Tactical Employment of the radio
The Chinese military is not as dependent on radio communication as the American army is. In many cases, the subordinate units have a receiver only so they can listen for instructions but can not ask questions or respond. This set appears to have been designed for use at company and battalion level. It is probably a replacement for the 102 E sets and the XD 6 sets.
Without having access to a technical manual or a battery box, it is not possible to actually determine if this set can be used as a portable set. I think it can used as a back pack set. The headset/mike cable tends to support the fact that it can be used in this manner.

Strengths and weaknesses
Principle strength of the set is it's compact size, light weight and rugged construction. The headset/mike cable and the power connector cables are plug in and have a hold down screw which make them almost impossible to accidentally pull loose, unlike prior sets.

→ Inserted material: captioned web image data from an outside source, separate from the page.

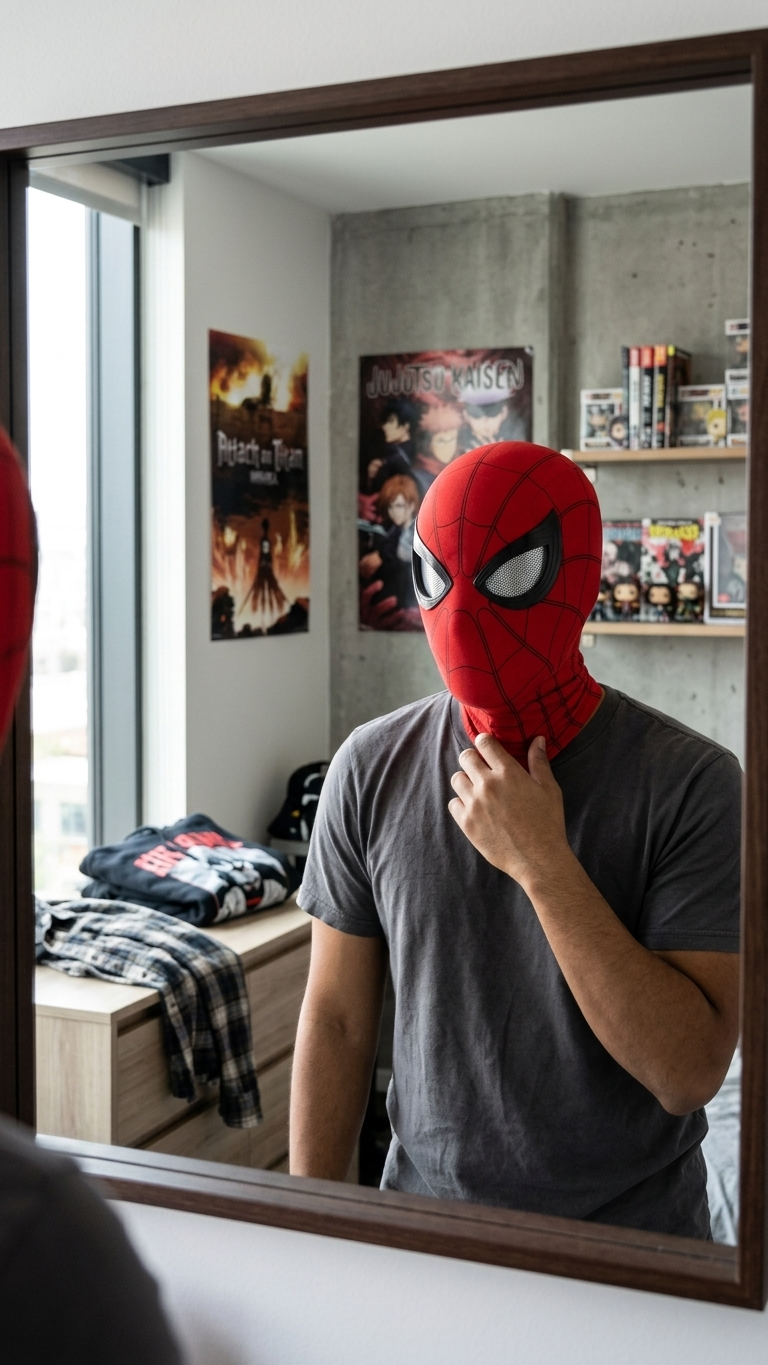 Spider-Man Classic Red Interactive Mask with Chin-Activated Lens Motion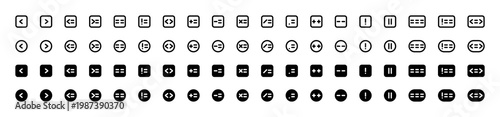 Professional set of coding syntax symbols and mathematical operators icons for software development UI design and programming education projects.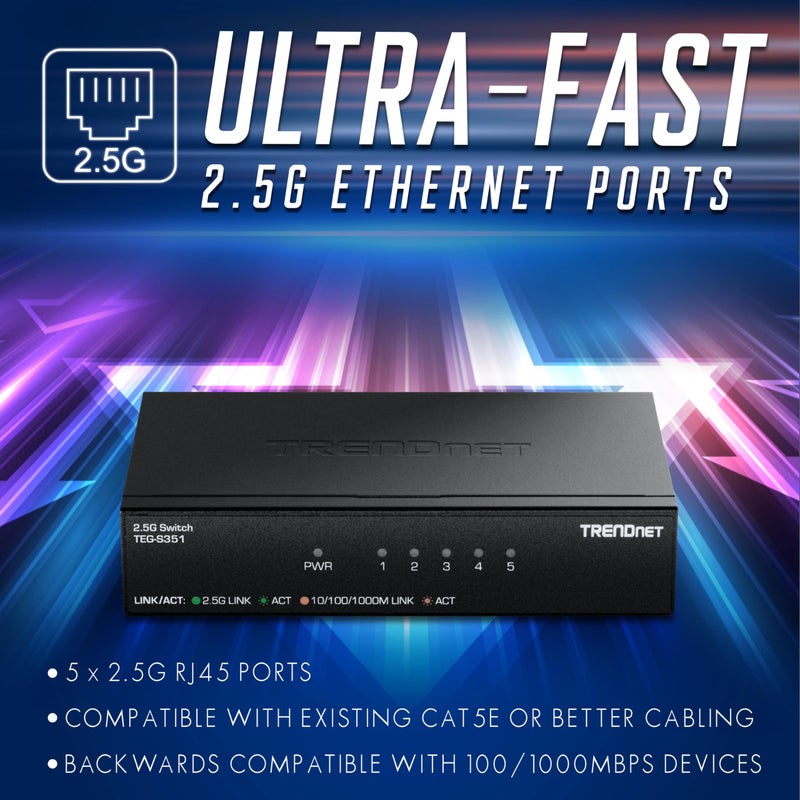 TRENDnet 5-Port 2.5Gb Switch, TEG-S351, 5 x 2.5G RJ45 Ports, 25Gbps Switching Capacity, NDAA + TAA Compliant, Ethernet Splitter, for Game Console, NAS, PC, Lifetime Protection - Image 5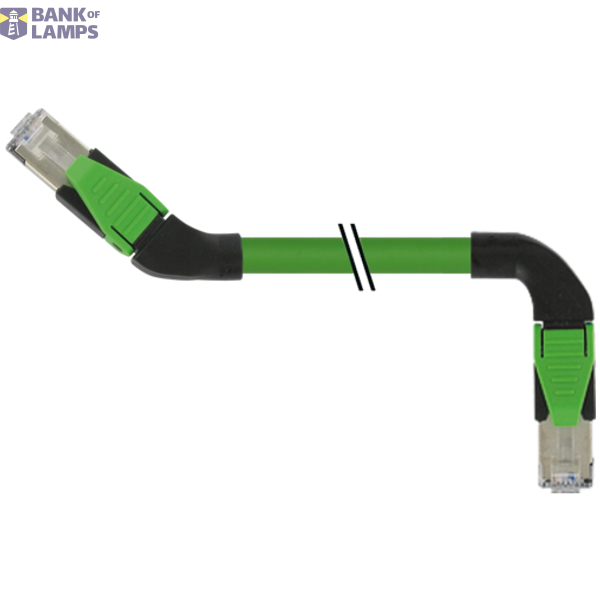 RJ45 male 45° right /RJ45 male 90° right shielded PUR 1x4xAWG22 gn 2m image 1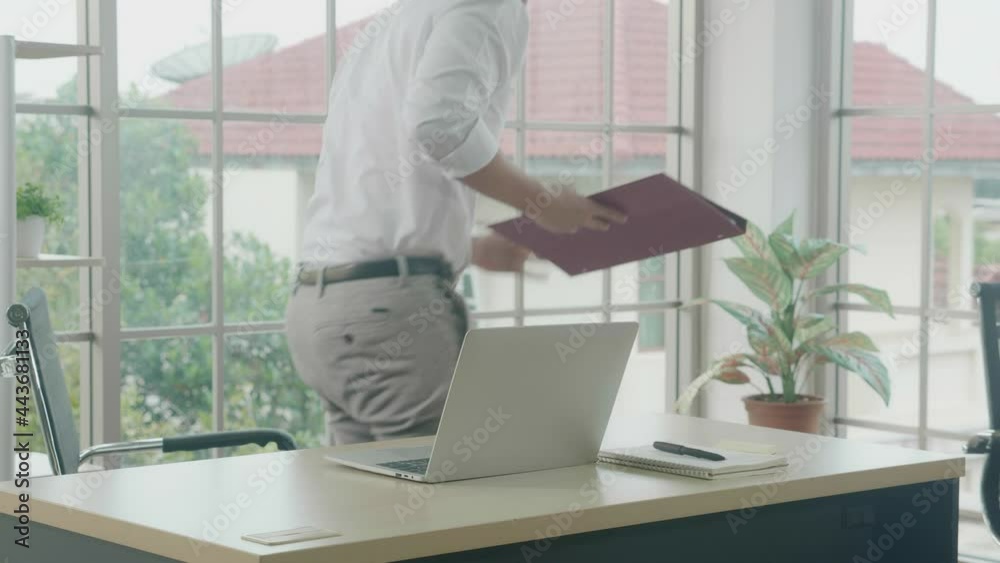 Employee giving folder with manager and discussion for planning job at office, businessman report with document file  to executive for success of team, business and communication concept.
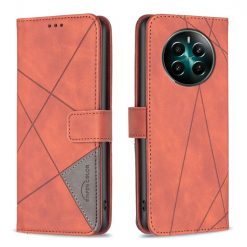 Lacné Kryty | Knižkové puzdro Rhombus hnedé – Realme 12+ (12 Plus) | Lacné Kryty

Major weakness of the radios is the fact that they are not easily repaired. Removal of any of the modules would require considerable labour. Replacement of one or more of the tuning modules in the receiver would require removal of all three so that the shaft for the rotary switches can be withdrawn. In addition, while there are three separate modules, in the receiver, they are all built on one printed circuit board. Any major damage to a tuning module requires replacement of all three. It is my opinion that this set is basically a throw away set. If anything breaks down, throw it away and get a new one.
The transmitter is a bit easier to work on but still repairs are labour intensive.
The headset/mike cable has a 1/4 inch thick cable connecting the mike to the radio. The headset, however, has a very thin cord which looks like it is easily broken. The key is not the best key for a tactical radio.
The generator, while well built is on a very flimsy mount. It is obviously designed with a small stature, light weight person in mind.
The antenna loading coil is another weak area. It has a wire that connects to the various taps. This wire easily becomes disconnected, just moving the set from room to room. Walking through a jungle or any tactical situation must make it even more susceptible to accidental disconnection

Collector Value
Difficult to place a value on this set. It is not readily identifiable as part of the North Vietnamese or Viet Cong arsenal during the period of the U.S. effort during the Vietnam War. The radio set alone is probably worth about $150 to $200.00 to a serious collector. With all the accessories, such as the headset, headset/mike, key, antenna, and with a technical manual and a schematic, the set should be worth about $400 to $500 to a serious collector. With the generator, add another $200.00. This set is an interesting piece of the radio history of the Chinese Armed Forces. It is also one of the first Chinese military sets to use transistors, a step forward for the Chinese radio industry.